Percorremos essa região para constatar como a calota se comportou ao longo do passado geológico. Para tal, investigamos determinadas épocas. Por exemplo, o período de um a quatro milhões de anos. Registros geológicos indicam que as condições climáticas daquela época eram semelhantes às de hoje. A questão é se as condições das calotas naquelas circunstâncias climáticas são comparáveis às de agora, se devemos igualmente esperar uma elevação do nível do mar ou se o quadro não será tão dramático assim.
Qual foi a sua tarefa durante a expedição? Você não ficou só a bordo, mas também circulou pelo gelo. O que fez exatamente?
Tivemos tarefas bastante diversificadas no Polarstern. Trabalhamos com métodos geológicos e geofísicos. Também fizemos medições oceanográficas e geodésicas. Investigamos os sedimentos que se encontram na plataforma continental e no fundo do mar. Tudo isso por meio de registros sísmicos e amostras extraídas com a ajuda de pequenos perfuradores e coletores de sedimentos. Disso consistiu a maior parte do trabalho. Também tínhamos oceanógrafos a bordo, encarregados de medir a temperatura da água e o teor de sal. Afinal, é bem provável que a principal razão do derretimento da calota sejam as águas quentes que sobem das profundezas do mar para o âmbito da plataforma continental, contribuindo para o gelo da superfície derreter mais rapidamente.

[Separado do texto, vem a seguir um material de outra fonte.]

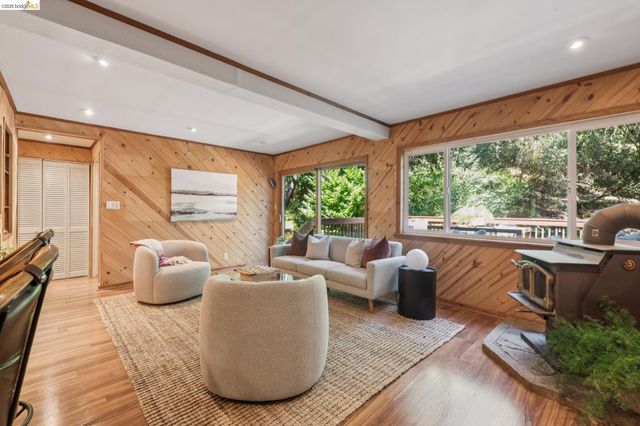 7218 Homewood Dr, Oakland, CA 94611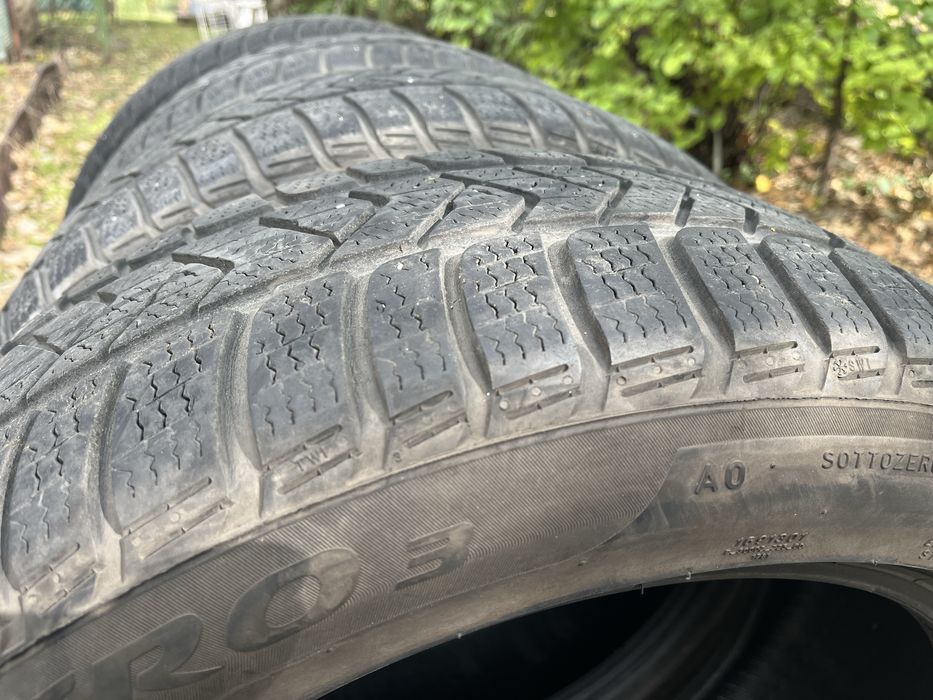 Зимни гуми Pirelli 225/50/18  4бр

Quanto tempo a equipe de cientistas vai trabalhar no material coletado durante essa expedição?
No caso de alguns dados coletados, pode durar bastante, pois uma análise precisa requer um enorme detalhamento. Espera-se que os resultados possam ser preparados para publicação e divulgação pública dentro de um a três anos. Além disso, os dados serão representados em diagramas climáticos e maquetes de calotas, pois esses são os instrumentos utilizados para o prognóstico do desenvolvimento das calotas e do nível do mar. São diversos grupos de pesquisa que estão à espera dessas informações, de modo que ainda vai demorar para se chegar a uma conclusão.
Você participou da expedição durante o verão do Polo Sul. Faz calor ou frio nessa época?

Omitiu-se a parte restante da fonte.